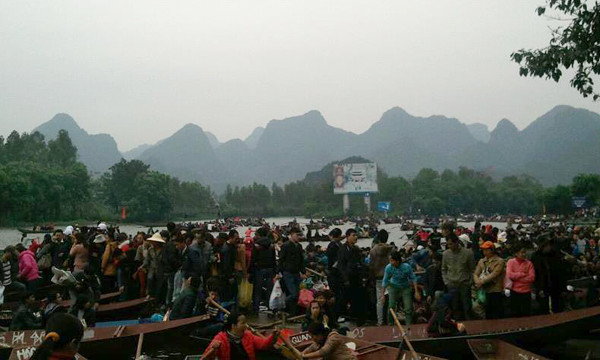 Bến đò nhộn nhịp người đi lễ từ sáng sớm. Bến đò nhộn nhịp người đi lễ từ sáng sớm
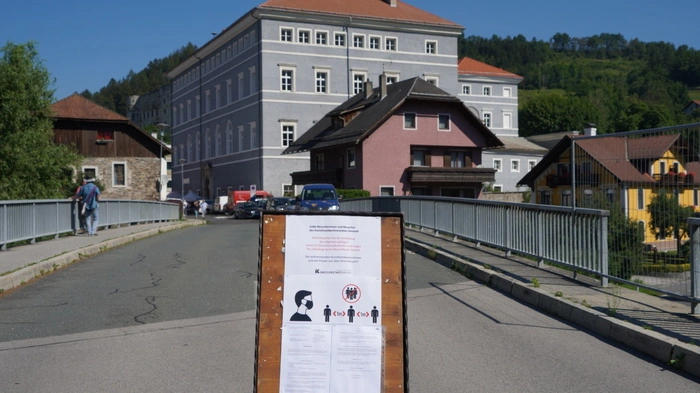 Ganze drei Monate haben sich die Verantwortlichen auf diesen Kunsthandwerksmarkt vorbereitet, ein Covid19-Sicherheitskonzept erarbeitet und eine Security-Mannschaft engagiert, damit auch den 29. Gmündner Kunsthandwerksmarkt über die Bühne gehen kann. 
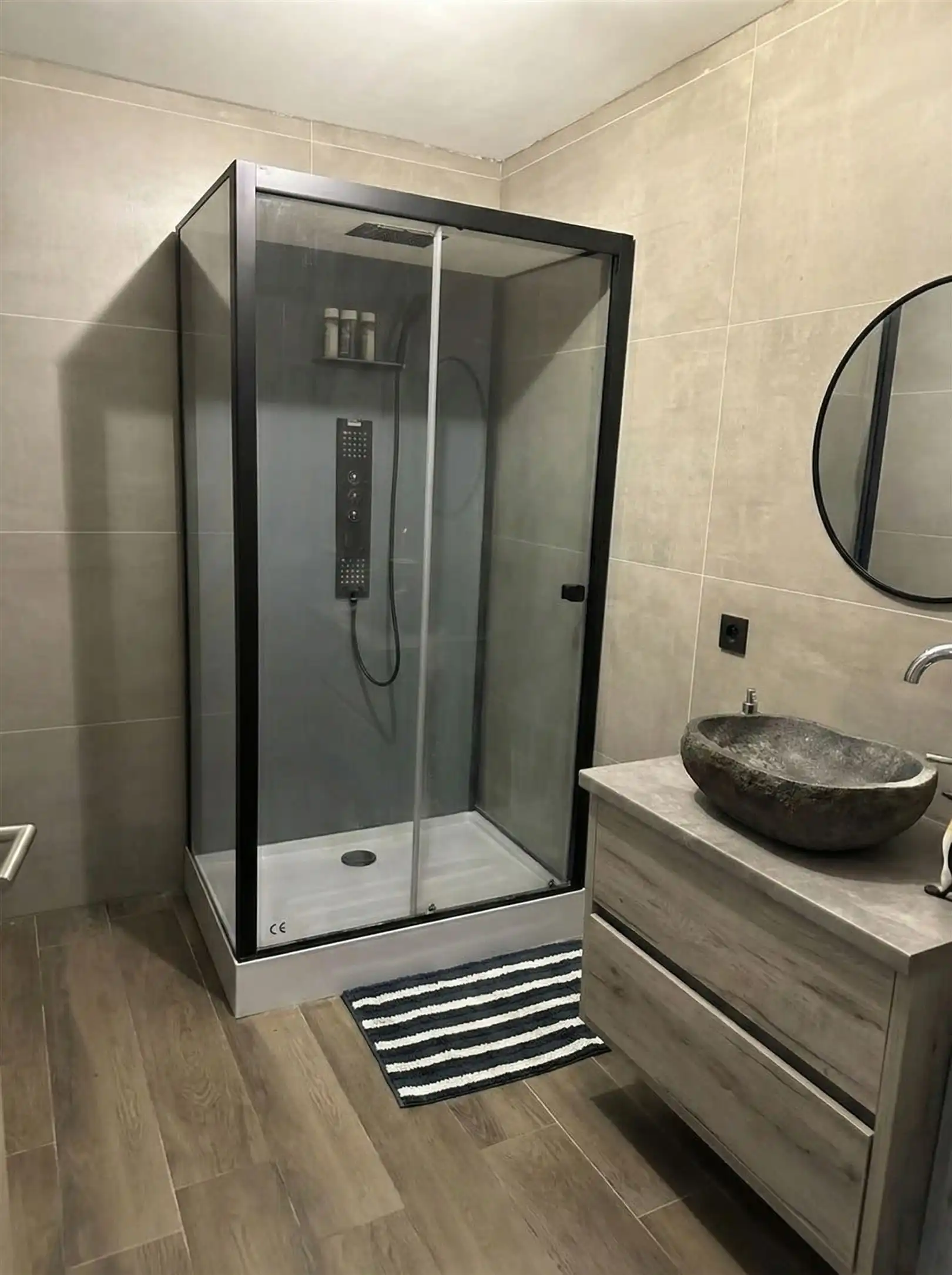 Instapklaar 2-slpk appartement te huur  foto 6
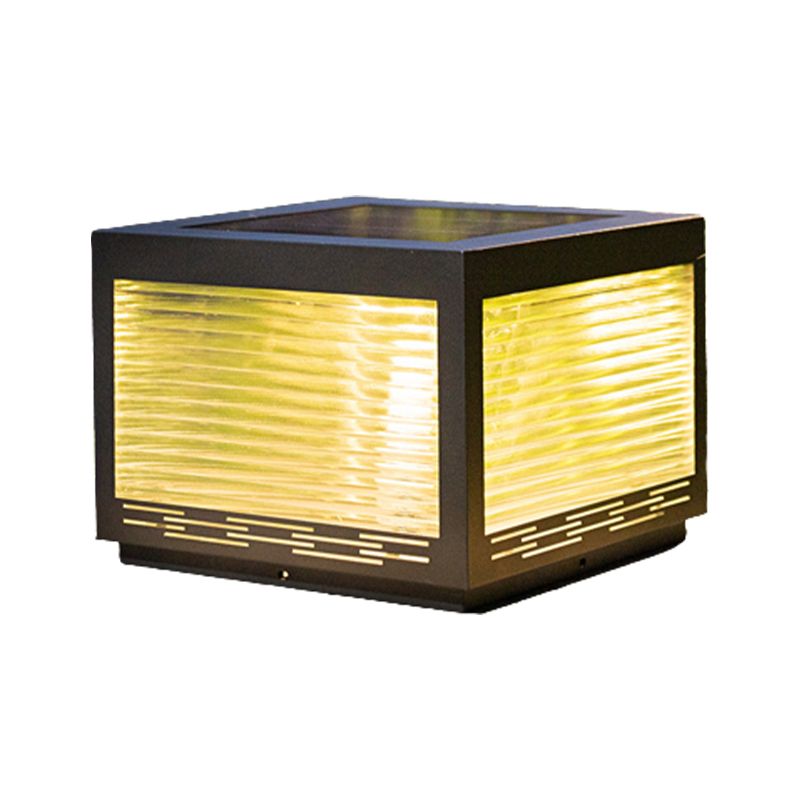 Square Shape Metal Outdoor Light Modern Style 1-Light Solar Pillar Lights in Black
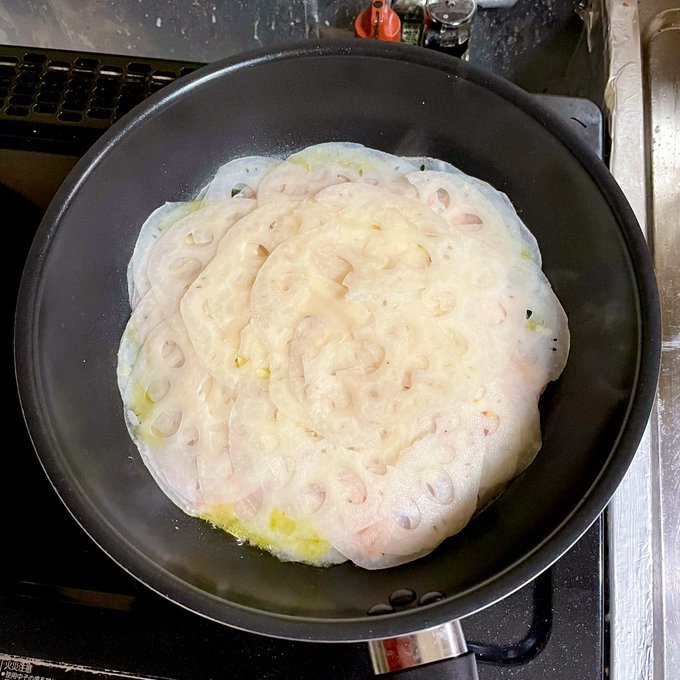 チーズと生ハムの塩気だけで十分なので味付け不要 層になった蓮根がシャキシャキで美味しいです 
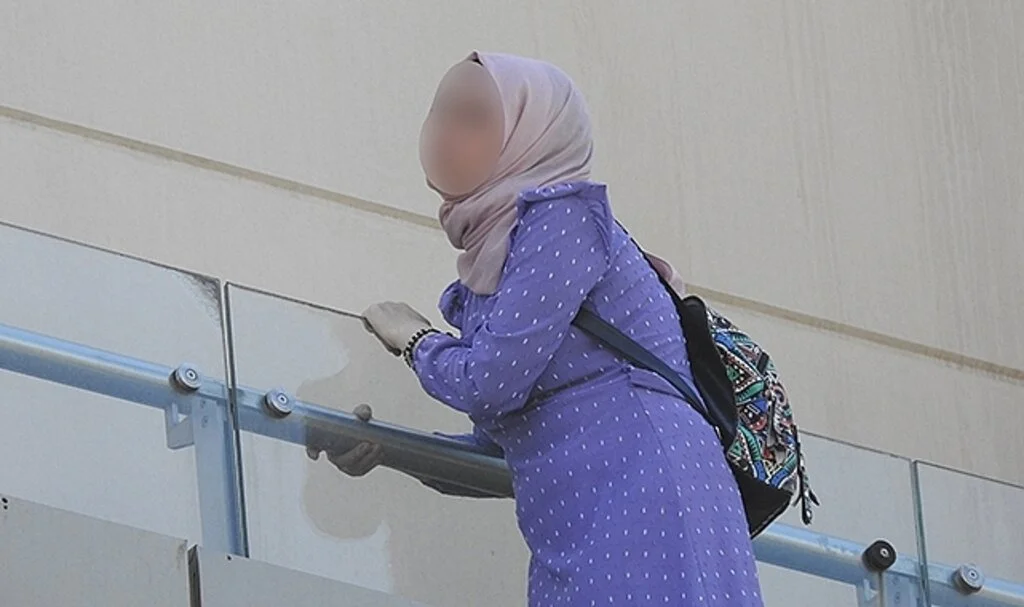 Karnında bebeğiyle intihara teşebbüs eden genç kadını, emniyet müdürü vazgeçirdi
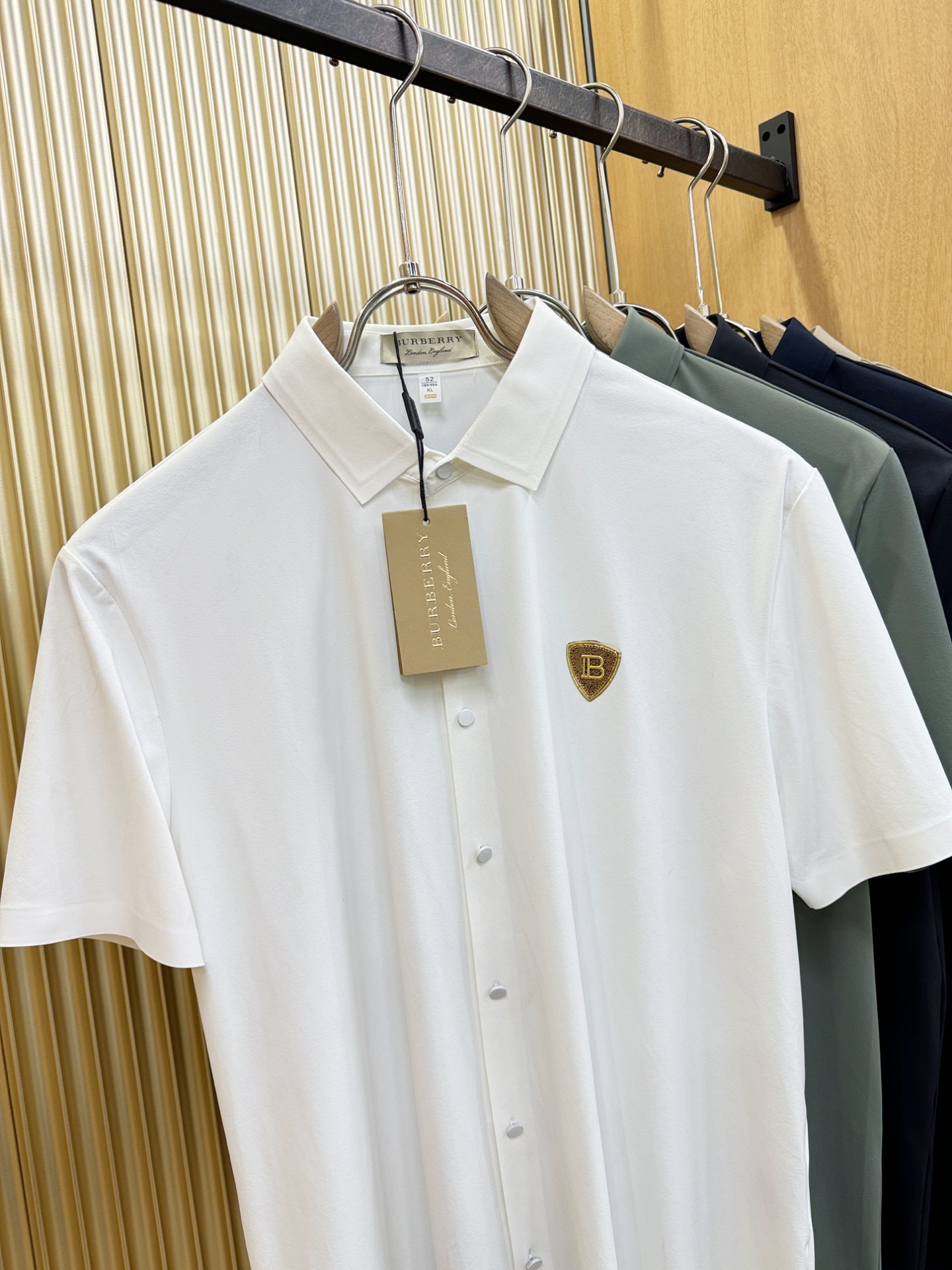 BURBERRY巴宝莉 2026新款衬衫，贸易公司渠道稀出，领先官网发售！经典休闲衬衫搭配独特的设计，简洁干净、经典时髦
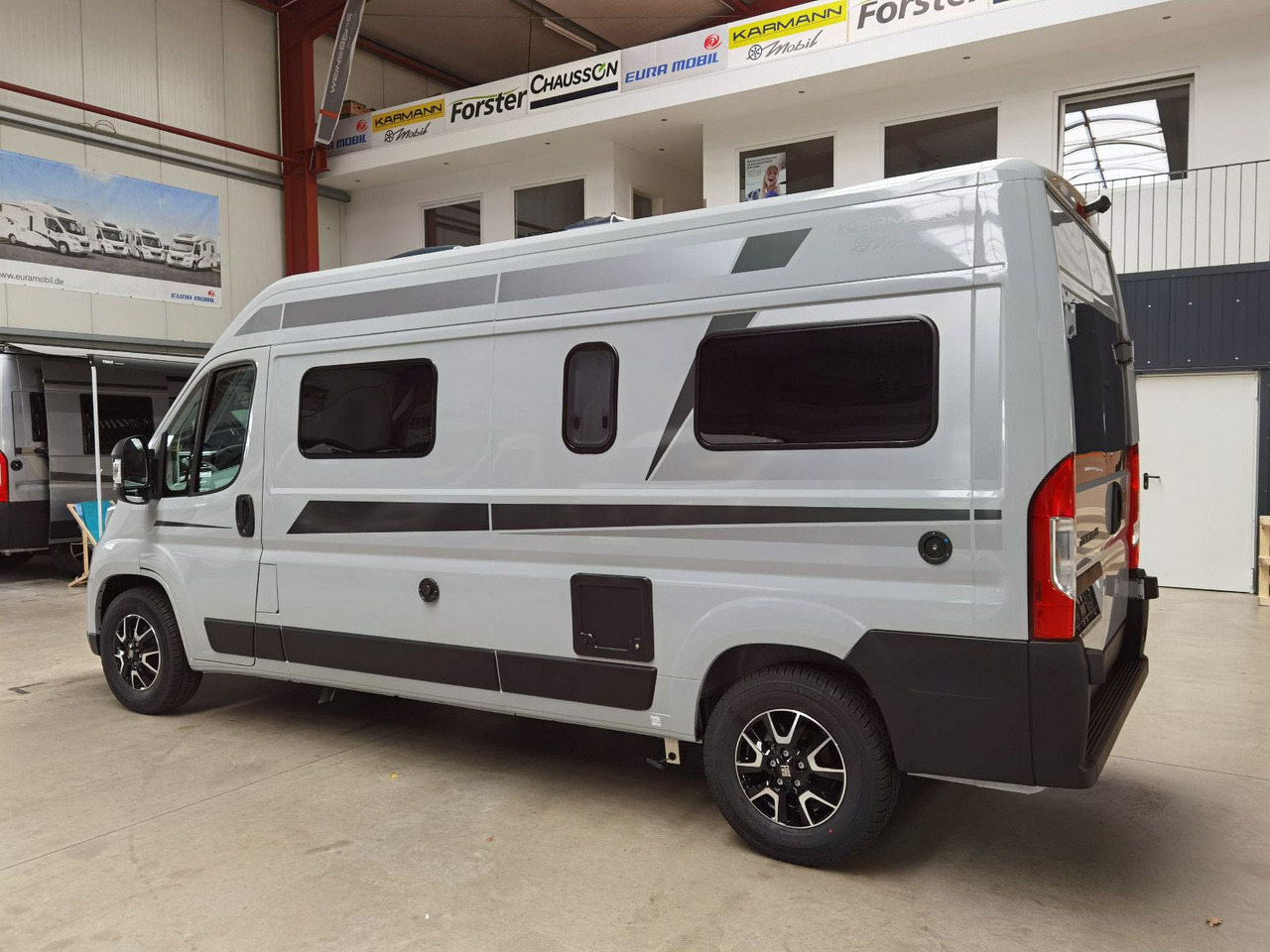 Karmann DEXTER 580 /- 2026 -/ PANORAMA DACHFENSTER - Fourgon aménagé: photos 5 Karmann DEXTER 580 /- 2026 -/ PANORAMA DACHFENSTER - Fourgon aménagé: photos 5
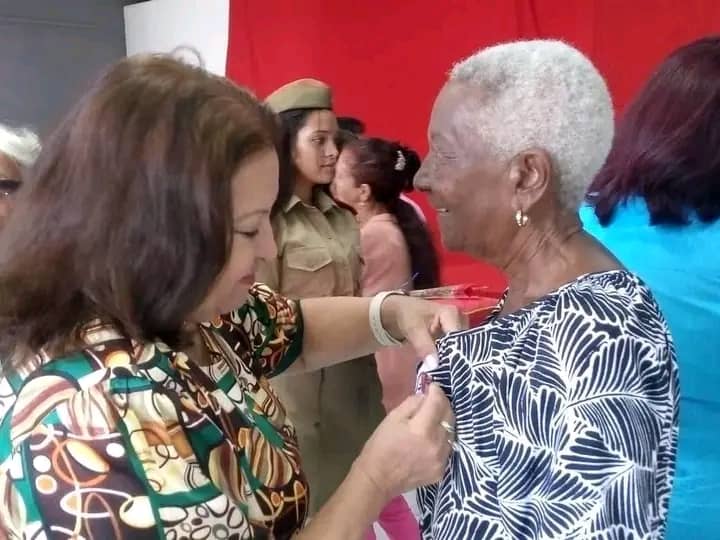 Condecoran a pinareñas con la Distinción 23 de Agosto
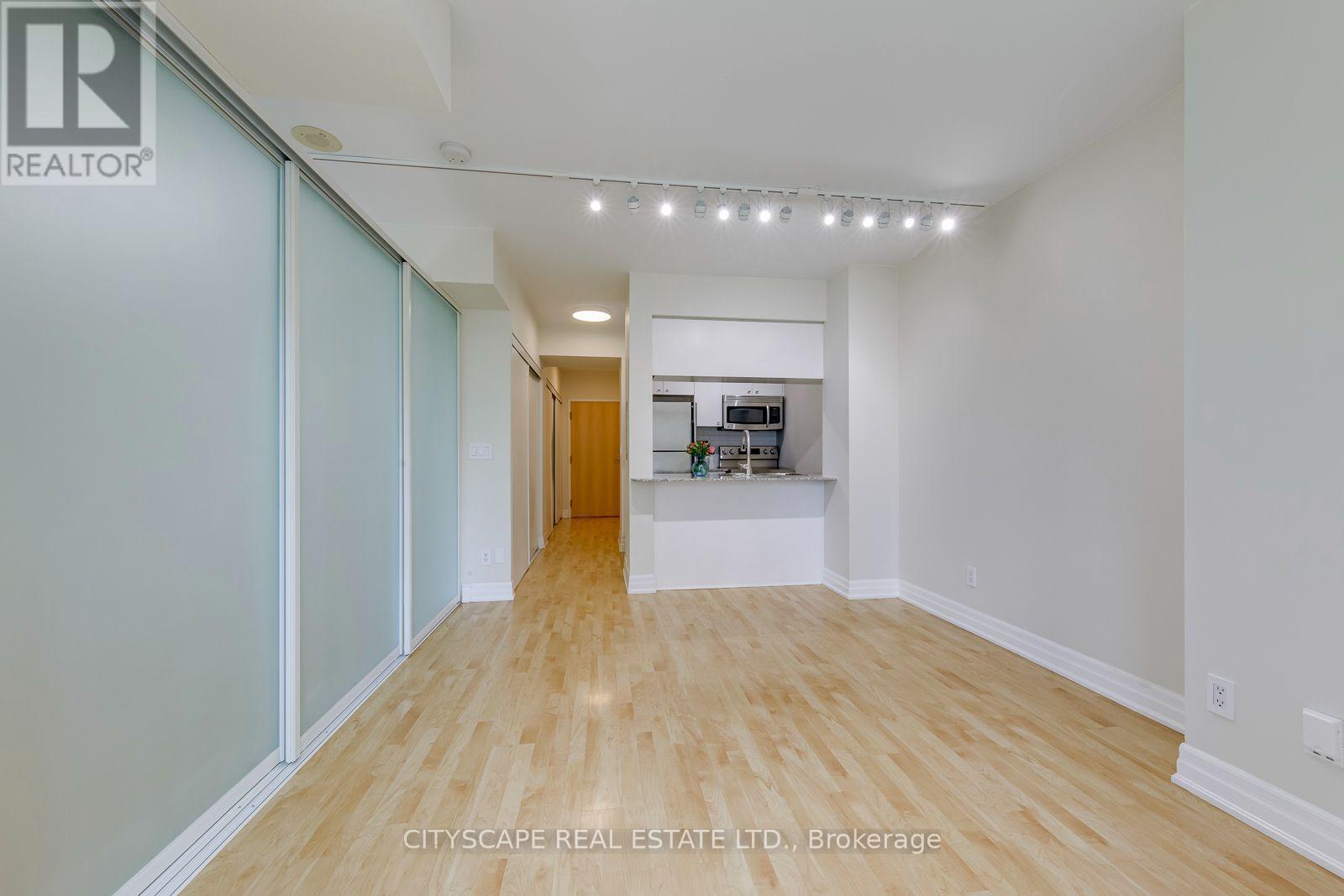 1108 - 8 Scollard Street, Toronto, Ontario  M5R 1M2 - Photo 7 - C13624086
━━━━━━━━━━━━━━━━
▸ DESCRIPTION OF THE TASK
With the pictures left out, output the lines from the one containing "Karnında bebeğiyle intihara" through the last line of the records above, exactly as they are.

▸ REPLY
 Karnında bebeğiyle intihara teşebbüs eden genç kadını, emniyet müdürü vazgeçirdi
 BURBERRY巴宝莉 2026新款衬衫，贸易公司渠道稀出，领先官网发售！经典休闲衬衫搭配独特的设计，简洁干净、经典时髦
 Karmann DEXTER 580 /- 2026 -/ PANORAMA DACHFENSTER - Fourgon aménagé: photos 5 Karmann DEXTER 580 /- 2026 -/ PANORAMA DACHFENSTER - Fourgon aménagé: photos 5
 Condecoran a pinareñas con la Distinción 23 de Agosto
 1108 - 8 Scollard Street, Toronto, Ontario  M5R 1M2 - Photo 7 - C13624086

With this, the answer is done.